9th April (onwards!): Boracol’ing Seatern
The exposed wood on Seatern – Toe rail, rubbing strake, cockpit grating, cockpit seats, etc – is teak which I’ve left in it’s “natural” state. In the past I’ve experienced the joys of maintaining varnished wood on boats and I wanted to avoid that with Seatern. Also I didn’t want to use teak oil or similar treatments designed to keep the golden colour of new teak because untreated teak is less slippery. Indeed, the reason for covering the side benches in the cockpit with teak “planking” was because they were slippery on a winter’s morning with frost and ice on the decks. I suppose I should have used synthetic teak but at the time (now 6 or 7 years ago) I wasn’t keen on how that looked; I think there is better stuff available now.
Unfortunately untreated teak does get disfigured by surface mould and algal growth and since starting in spring 2016 I have made use of Boracol, a biocide solution, to clean up the wood. Not that often, it has to be said, but after this last wet winter the wood was looking decidedly green! The process is simple enough. Gently wash down the teak with soapy water trying not to raise the grain by rubbing too hard; rinse off and allow to dry until just damp, then paint the Boracol onto the wood twice over so it soaks in. The problem is that it then needs to be left for three to seven days before being washed off again using soapy water and rain during the first 2 or 3 days risks washing the Boracol off too soon. I knew that the teak needed treatment last autumn but from September onwards there really were no dry spells for doing it.
Anyway since the virus has had us all in “lock down” it’s been sunny and dry, and finally I decided I couldn’t put the job off any longer!

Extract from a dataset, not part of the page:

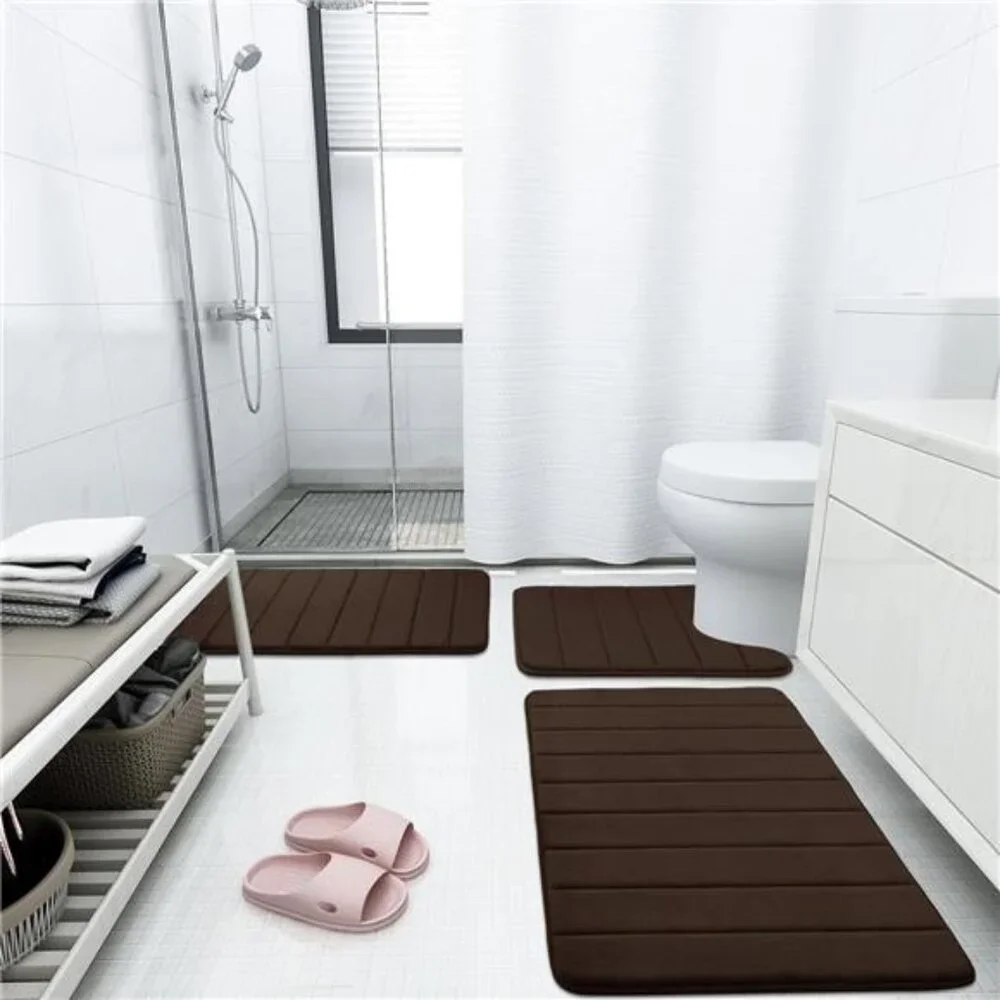 Buganda Memory Foam Bath Mat Rug, 30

I started on Thursday (9th April) with the cockpit grating which was last treated in April 2018. I got the grating made by Howells in Poole while Seatern was being built having created a template for the cockpit floor using some measurements during a visit to Swallow Yachts. I wanted to make sure that the grating would not move around whilst one was sailing and I’m quite proud of just how well it fits. The down side is that to remove the grating I have to remove not just large items such as the outboard and the binocular box, but even small things like the locker catch.
The other problem is where to stand whilst removing it. I used the edges of the outboard well which worked well while removing the grating. However when replacing it I tried to insert the starboard side first, which does not work since the bilge pump cover is in the way on the port side. In struggling with it my foot slipped into the outboard well and I ended up with a shoe full of Itchen water!